Só que políticas fiscais são remédios que curam, mas podem deixar efeitos colaterais perigosos. Basta ver o que fizemos do Brasil para enfrentar a crise de 2008. Equivocadamente, optamos por um forte aumento de gastos públicos permanentes, que, portanto, não puderam ser eliminados após a crise. Isso levou a um processo perverso e crescente de transferência de recursos da sociedade (famílias e empresas) para o poder público, para manter uma máquina governamental que hoje absorve em torno de 20% do PIB, estrangulando a capacidade do governo (investe menos de 2%) e do setor privado de investir, com as consequências nefastas da produtividade da economia e na capacidade das empresas de competir num mundo que continua razoavelmente globalizado. O resultado foi a recessão de 2015 e 2016, que deixou 13 milhões de desempregados, empresas com dificuldades de se adequar à nova economia digital e crise nos serviços públicos básicos. O setor público passou a servir a si e não ao público.

É mais do que um alerta. No mínimo, devemos aprender com os erros do passado. O Ministro da Economia Paulo Guedes sabe isso melhor do que ninguém, e por isso propôs segregar o que chamou de “Orçamento de Guerra” do orçamento regular, evitando que o aumento de despesas e do endividamento para combater a pandemia contaminem orçamentos futuros. Ressaltou que devem ser gastos temporários, e não permanentes, como ocorreu no passado.

Com boa fé, competência e convergência política, não há necessidade de desrespeitar a Lei de Responsabilidade Fiscal, que prevê mecanismos para enfrentar situações excepcionais, nem sacrificar o teto dos gastos, que dentro do possível devemos procurar retomar já em 2021. A âncora fiscal deve ser preservada para não minar a confiança dos investidores, ainda mais se considerarmos que, além de todo aumento de gastos, a recessão esperada terá forte impacto na arrecadação de impostos, que poderá encolher R$ 300 bilhões se a economia cair 4,5%, afetando fortemente o caixa da União, de Estados e de municípios. A importante reforma da Previdência, aprovada no passado, não vai ajudar a neutralizar esse desequilíbrio nas contas, porque o resultado esperado não é no curto prazo, tanto que no primeiro bimestre do ano o déficit teve alta de 12,8%, e porque ela continuará sendo um importante desafio por si só.

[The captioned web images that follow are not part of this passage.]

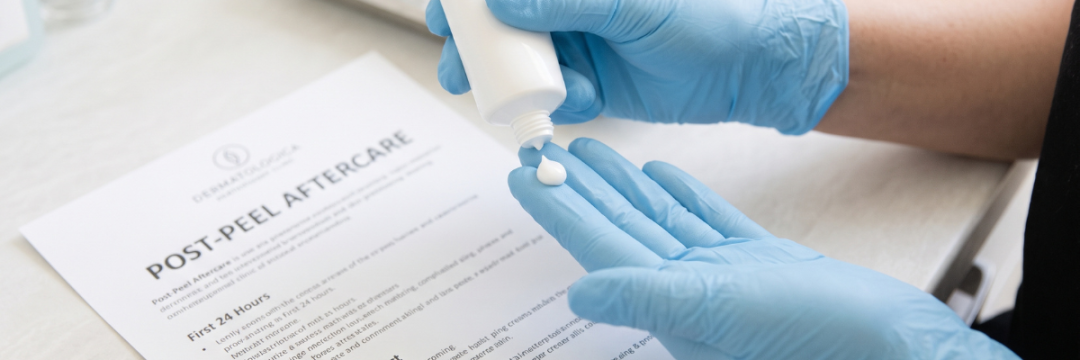 applying a thin layer of barrier cream after a chemical peel as part of written aftercare instructions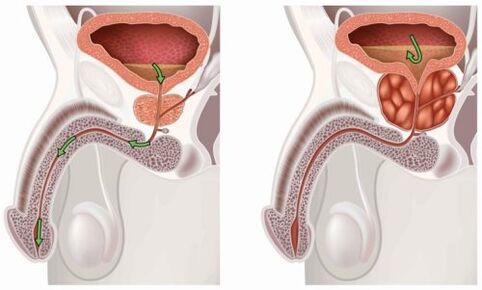 gesunde und entzündete Prostata mit Prostatitis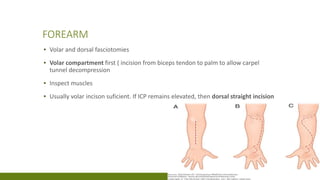 Dorsal Racket Incision Compartment syndrome | PPTX
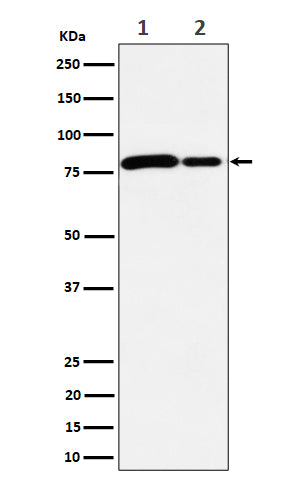 Anti-MMUT Rabbit Monoclonal Antibody Boster Bio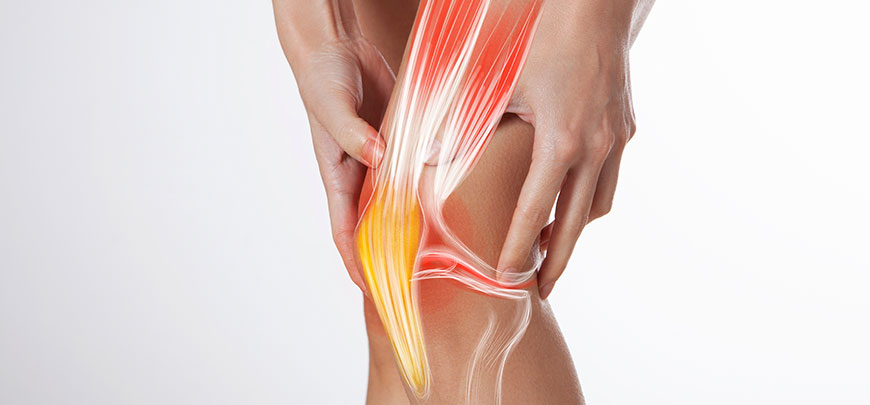 patient needing ligamentitis treatment in Cupertino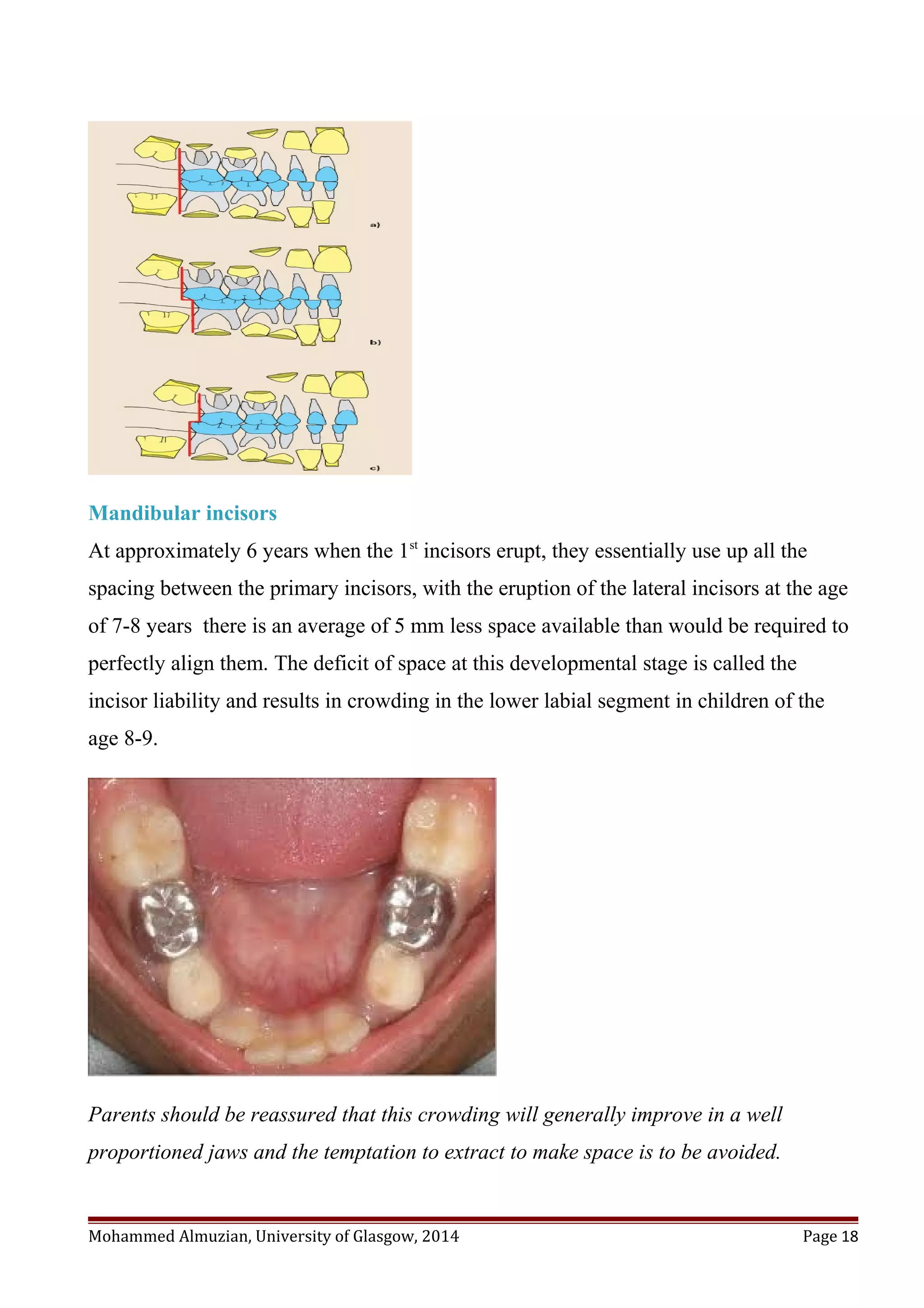 Mandibular incisors
At approximately 6 years when the 1st
incisors erupt, they essentially use up all the
spacing between the primary incisors, with the eruption of the lateral incisors at the age
of 7-8 years there is an average of 5 mm less space available than would be required to
perfectly align them. The deficit of space at this developmental stage is called the
incisor liability and results in crowding in the lower labial segment in children of the
age 8-9.
Parents should be reassured that this crowding will generally improve in a well
proportioned jaws and the temptation to extract to make space is to be avoided.
Mohammed Almuzian, University of Glasgow, 2014 Page 18
 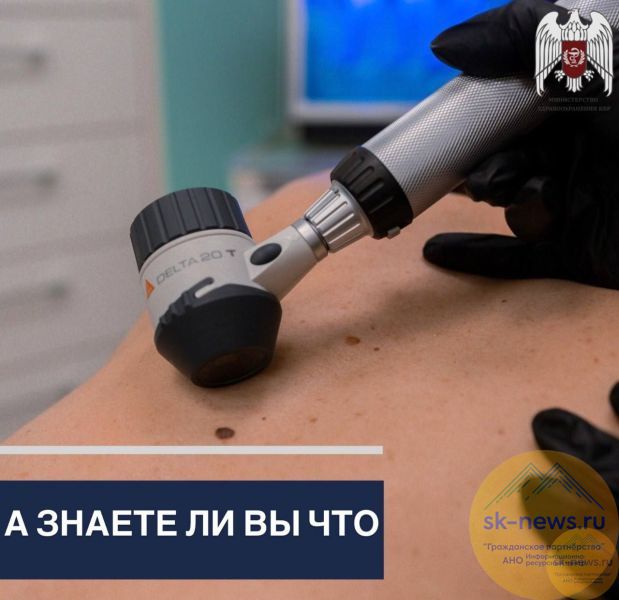 А знаете ли вы, что родинки (невусы) на мужском теле статистически опаснее, чем на женском?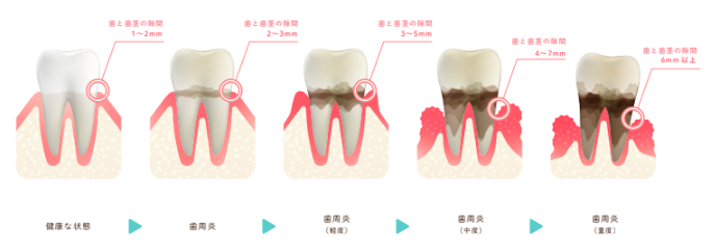 歯周病になる図解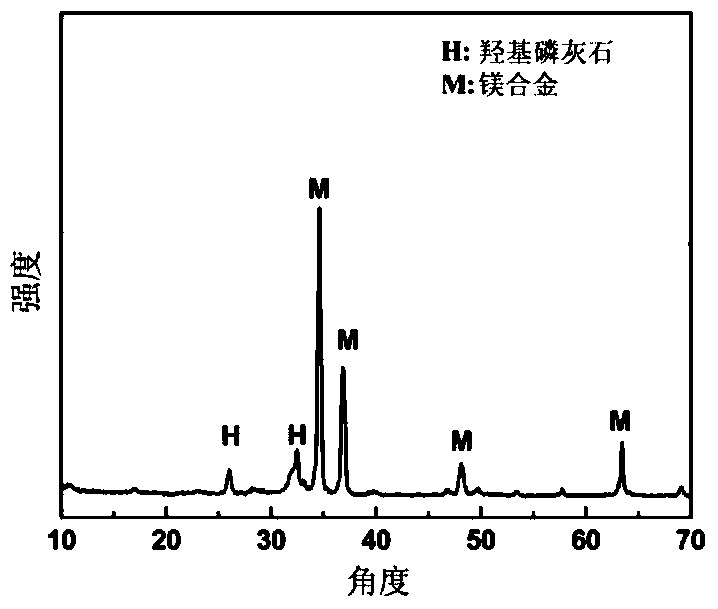 Double-layer whisker-like fluorine-doped hydroxyapatite coating on magnesium alloy and its microwave preparation method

Temos que enfrentar esse enorme inesperado e assustador desafio trazido pelo fenômeno do assim chamado novo coronavírus com maturidade. O pós-Covid-19 vai trazer desafios e oportunidades. Recolocar as contas em dia exigirá grande esforço e sacrifícios futuros. Não nos iludamos. Então, quanto mais responsabilidade fiscal tivermos agora, menores as privações futuras, e melhores condições teremos para embarcar numa recuperação da economia mundial prevista para 2021. Se aplicarmos com disciplina os remédios corretos para minimizar os efeitos colaterais.

Publicado no Diário do Comércio – MG em 23/05/2020.